> **Aim of the task**:
A faithful copy is needed. Set down all of the data below exactly.

> **Listed records**:
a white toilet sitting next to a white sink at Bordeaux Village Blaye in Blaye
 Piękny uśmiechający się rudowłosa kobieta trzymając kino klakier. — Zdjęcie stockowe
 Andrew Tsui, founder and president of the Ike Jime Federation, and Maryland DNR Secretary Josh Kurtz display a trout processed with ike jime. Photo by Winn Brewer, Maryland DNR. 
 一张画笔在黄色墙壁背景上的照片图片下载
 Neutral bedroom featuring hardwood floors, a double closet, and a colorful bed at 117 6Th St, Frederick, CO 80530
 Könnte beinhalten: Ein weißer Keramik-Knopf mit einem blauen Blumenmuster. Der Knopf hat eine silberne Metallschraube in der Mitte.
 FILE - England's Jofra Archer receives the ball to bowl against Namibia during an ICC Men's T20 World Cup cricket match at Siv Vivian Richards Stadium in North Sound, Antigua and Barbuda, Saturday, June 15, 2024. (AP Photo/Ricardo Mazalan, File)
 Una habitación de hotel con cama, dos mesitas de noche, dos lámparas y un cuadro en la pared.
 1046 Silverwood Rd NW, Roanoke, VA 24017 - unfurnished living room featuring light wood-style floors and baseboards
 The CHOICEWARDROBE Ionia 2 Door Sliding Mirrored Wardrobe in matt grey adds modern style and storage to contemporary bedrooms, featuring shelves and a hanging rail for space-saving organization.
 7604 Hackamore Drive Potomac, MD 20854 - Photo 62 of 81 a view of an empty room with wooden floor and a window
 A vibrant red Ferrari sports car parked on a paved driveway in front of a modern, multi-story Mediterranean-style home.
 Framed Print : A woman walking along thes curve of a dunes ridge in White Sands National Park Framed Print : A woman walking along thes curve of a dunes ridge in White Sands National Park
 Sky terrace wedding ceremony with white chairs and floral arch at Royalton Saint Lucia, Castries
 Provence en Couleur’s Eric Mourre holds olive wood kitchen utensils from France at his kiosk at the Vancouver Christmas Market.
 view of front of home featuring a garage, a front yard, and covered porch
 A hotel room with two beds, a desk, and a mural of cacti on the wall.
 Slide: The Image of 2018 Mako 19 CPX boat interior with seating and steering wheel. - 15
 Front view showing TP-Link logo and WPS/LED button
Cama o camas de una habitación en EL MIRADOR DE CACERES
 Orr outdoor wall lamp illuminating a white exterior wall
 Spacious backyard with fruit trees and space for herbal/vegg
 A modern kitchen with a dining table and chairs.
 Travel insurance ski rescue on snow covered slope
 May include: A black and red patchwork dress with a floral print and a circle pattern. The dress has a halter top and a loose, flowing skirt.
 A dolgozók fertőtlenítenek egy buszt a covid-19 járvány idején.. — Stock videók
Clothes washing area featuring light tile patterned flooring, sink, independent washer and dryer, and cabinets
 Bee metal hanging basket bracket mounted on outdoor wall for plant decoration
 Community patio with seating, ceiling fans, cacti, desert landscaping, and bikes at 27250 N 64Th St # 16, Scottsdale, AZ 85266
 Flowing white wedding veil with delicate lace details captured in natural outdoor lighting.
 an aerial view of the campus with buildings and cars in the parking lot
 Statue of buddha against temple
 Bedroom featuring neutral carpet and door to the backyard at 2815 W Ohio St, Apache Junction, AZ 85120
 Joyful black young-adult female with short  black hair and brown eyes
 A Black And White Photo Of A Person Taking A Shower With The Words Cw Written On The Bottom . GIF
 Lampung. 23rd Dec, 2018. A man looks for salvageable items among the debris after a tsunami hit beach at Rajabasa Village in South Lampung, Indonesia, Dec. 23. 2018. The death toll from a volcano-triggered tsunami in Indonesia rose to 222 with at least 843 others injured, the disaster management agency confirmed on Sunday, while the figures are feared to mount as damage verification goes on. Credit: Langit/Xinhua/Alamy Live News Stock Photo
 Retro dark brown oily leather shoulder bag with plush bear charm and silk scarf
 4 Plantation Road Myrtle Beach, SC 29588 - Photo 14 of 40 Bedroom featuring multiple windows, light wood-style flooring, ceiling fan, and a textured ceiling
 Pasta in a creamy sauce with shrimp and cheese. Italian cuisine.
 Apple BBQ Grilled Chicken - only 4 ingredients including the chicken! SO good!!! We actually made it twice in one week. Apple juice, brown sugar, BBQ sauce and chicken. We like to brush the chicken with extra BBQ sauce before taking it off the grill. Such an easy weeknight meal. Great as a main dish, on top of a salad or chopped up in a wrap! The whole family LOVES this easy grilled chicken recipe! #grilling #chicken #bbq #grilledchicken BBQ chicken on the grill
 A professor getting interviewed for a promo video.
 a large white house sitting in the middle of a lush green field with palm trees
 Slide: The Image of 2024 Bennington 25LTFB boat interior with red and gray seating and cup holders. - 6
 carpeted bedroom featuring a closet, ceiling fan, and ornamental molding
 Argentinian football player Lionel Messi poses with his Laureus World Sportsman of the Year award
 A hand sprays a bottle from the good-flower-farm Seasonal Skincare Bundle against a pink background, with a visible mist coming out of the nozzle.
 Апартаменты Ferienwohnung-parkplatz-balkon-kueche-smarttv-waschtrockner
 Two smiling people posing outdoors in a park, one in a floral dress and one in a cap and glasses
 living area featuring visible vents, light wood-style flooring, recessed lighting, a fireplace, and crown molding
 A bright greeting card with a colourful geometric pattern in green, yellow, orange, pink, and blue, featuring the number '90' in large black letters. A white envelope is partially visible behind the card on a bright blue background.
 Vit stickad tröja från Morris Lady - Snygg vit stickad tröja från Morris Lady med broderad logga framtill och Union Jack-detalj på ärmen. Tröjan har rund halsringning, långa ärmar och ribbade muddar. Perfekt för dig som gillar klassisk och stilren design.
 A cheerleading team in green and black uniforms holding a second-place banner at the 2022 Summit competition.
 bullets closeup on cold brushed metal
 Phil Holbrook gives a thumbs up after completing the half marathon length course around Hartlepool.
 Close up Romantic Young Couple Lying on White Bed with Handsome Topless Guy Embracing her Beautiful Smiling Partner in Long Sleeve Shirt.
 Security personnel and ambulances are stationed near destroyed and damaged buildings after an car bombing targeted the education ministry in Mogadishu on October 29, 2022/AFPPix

> **Output of the exercise**:
a white toilet sitting next to a white sink at Bordeaux Village Blaye in Blaye
 Piękny uśmiechający się rudowłosa kobieta trzymając kino klakier. — Zdjęcie stockowe
 Andrew Tsui, founder and president of the Ike Jime Federation, and Maryland DNR Secretary Josh Kurtz display a trout processed with ike jime. Photo by Winn Brewer, Maryland DNR. 
 一张画笔在黄色墙壁背景上的照片图片下载
 Neutral bedroom featuring hardwood floors, a double closet, and a colorful bed at 117 6Th St, Frederick, CO 80530
 Könnte beinhalten: Ein weißer Keramik-Knopf mit einem blauen Blumenmuster. Der Knopf hat eine silberne Metallschraube in der Mitte.
 FILE - England's Jofra Archer receives the ball to bowl against Namibia during an ICC Men's T20 World Cup cricket match at Siv Vivian Richards Stadium in North Sound, Antigua and Barbuda, Saturday, June 15, 2024. (AP Photo/Ricardo Mazalan, File)
 Una habitación de hotel con cama, dos mesitas de noche, dos lámparas y un cuadro en la pared.
 1046 Silverwood Rd NW, Roanoke, VA 24017 - unfurnished living room featuring light wood-style floors and baseboards
 The CHOICEWARDROBE Ionia 2 Door Sliding Mirrored Wardrobe in matt grey adds modern style and storage to contemporary bedrooms, featuring shelves and a hanging rail for space-saving organization.
 7604 Hackamore Drive Potomac, MD 20854 - Photo 62 of 81 a view of an empty room with wooden floor and a window
 A vibrant red Ferrari sports car parked on a paved driveway in front of a modern, multi-story Mediterranean-style home.
 Framed Print : A woman walking along thes curve of a dunes ridge in White Sands National Park Framed Print : A woman walking along thes curve of a dunes ridge in White Sands National Park
 Sky terrace wedding ceremony with white chairs and floral arch at Royalton Saint Lucia, Castries
 Provence en Couleur’s Eric Mourre holds olive wood kitchen utensils from France at his kiosk at the Vancouver Christmas Market.
 view of front of home featuring a garage, a front yard, and covered porch
 A hotel room with two beds, a desk, and a mural of cacti on the wall.
 Slide: The Image of 2018 Mako 19 CPX boat interior with seating and steering wheel. - 15
 Front view showing TP-Link logo and WPS/LED button
Cama o camas de una habitación en EL MIRADOR DE CACERES
 Orr outdoor wall lamp illuminating a white exterior wall
 Spacious backyard with fruit trees and space for herbal/vegg
 A modern kitchen with a dining table and chairs.
 Travel insurance ski rescue on snow covered slope
 May include: A black and red patchwork dress with a floral print and a circle pattern. The dress has a halter top and a loose, flowing skirt.
 A dolgozók fertőtlenítenek egy buszt a covid-19 járvány idején.. — Stock videók
Clothes washing area featuring light tile patterned flooring, sink, independent washer and dryer, and cabinets
 Bee metal hanging basket bracket mounted on outdoor wall for plant decoration
 Community patio with seating, ceiling fans, cacti, desert landscaping, and bikes at 27250 N 64Th St # 16, Scottsdale, AZ 85266
 Flowing white wedding veil with delicate lace details captured in natural outdoor lighting.
 an aerial view of the campus with buildings and cars in the parking lot
 Statue of buddha against temple
 Bedroom featuring neutral carpet and door to the backyard at 2815 W Ohio St, Apache Junction, AZ 85120
 Joyful black young-adult female with short  black hair and brown eyes
 A Black And White Photo Of A Person Taking A Shower With The Words Cw Written On The Bottom . GIF
 Lampung. 23rd Dec, 2018. A man looks for salvageable items among the debris after a tsunami hit beach at Rajabasa Village in South Lampung, Indonesia, Dec. 23. 2018. The death toll from a volcano-triggered tsunami in Indonesia rose to 222 with at least 843 others injured, the disaster management agency confirmed on Sunday, while the figures are feared to mount as damage verification goes on. Credit: Langit/Xinhua/Alamy Live News Stock Photo
 Retro dark brown oily leather shoulder bag with plush bear charm and silk scarf
 4 Plantation Road Myrtle Beach, SC 29588 - Photo 14 of 40 Bedroom featuring multiple windows, light wood-style flooring, ceiling fan, and a textured ceiling
 Pasta in a creamy sauce with shrimp and cheese. Italian cuisine.
 Apple BBQ Grilled Chicken - only 4 ingredients including the chicken! SO good!!! We actually made it twice in one week. Apple juice, brown sugar, BBQ sauce and chicken. We like to brush the chicken with extra BBQ sauce before taking it off the grill. Such an easy weeknight meal. Great as a main dish, on top of a salad or chopped up in a wrap! The whole family LOVES this easy grilled chicken recipe! #grilling #chicken #bbq #grilledchicken BBQ chicken on the grill
 A professor getting interviewed for a promo video.
 a large white house sitting in the middle of a lush green field with palm trees
 Slide: The Image of 2024 Bennington 25LTFB boat interior with red and gray seating and cup holders. - 6
 carpeted bedroom featuring a closet, ceiling fan, and ornamental molding
 Argentinian football player Lionel Messi poses with his Laureus World Sportsman of the Year award
 A hand sprays a bottle from the good-flower-farm Seasonal Skincare Bundle against a pink background, with a visible mist coming out of the nozzle.
 Апартаменты Ferienwohnung-parkplatz-balkon-kueche-smarttv-waschtrockner
 Two smiling people posing outdoors in a park, one in a floral dress and one in a cap and glasses
 living area featuring visible vents, light wood-style flooring, recessed lighting, a fireplace, and crown molding
 A bright greeting card with a colourful geometric pattern in green, yellow, orange, pink, and blue, featuring the number '90' in large black letters. A white envelope is partially visible behind the card on a bright blue background.
 Vit stickad tröja från Morris Lady - Snygg vit stickad tröja från Morris Lady med broderad logga framtill och Union Jack-detalj på ärmen. Tröjan har rund halsringning, långa ärmar och ribbade muddar. Perfekt för dig som gillar klassisk och stilren design.
 A cheerleading team in green and black uniforms holding a second-place banner at the 2022 Summit competition.
 bullets closeup on cold brushed metal
 Phil Holbrook gives a thumbs up after completing the half marathon length course around Hartlepool.
 Close up Romantic Young Couple Lying on White Bed with Handsome Topless Guy Embracing her Beautiful Smiling Partner in Long Sleeve Shirt.
 Security personnel and ambulances are stationed near destroyed and damaged buildings after an car bombing targeted the education ministry in Mogadishu on October 29, 2022/AFPPix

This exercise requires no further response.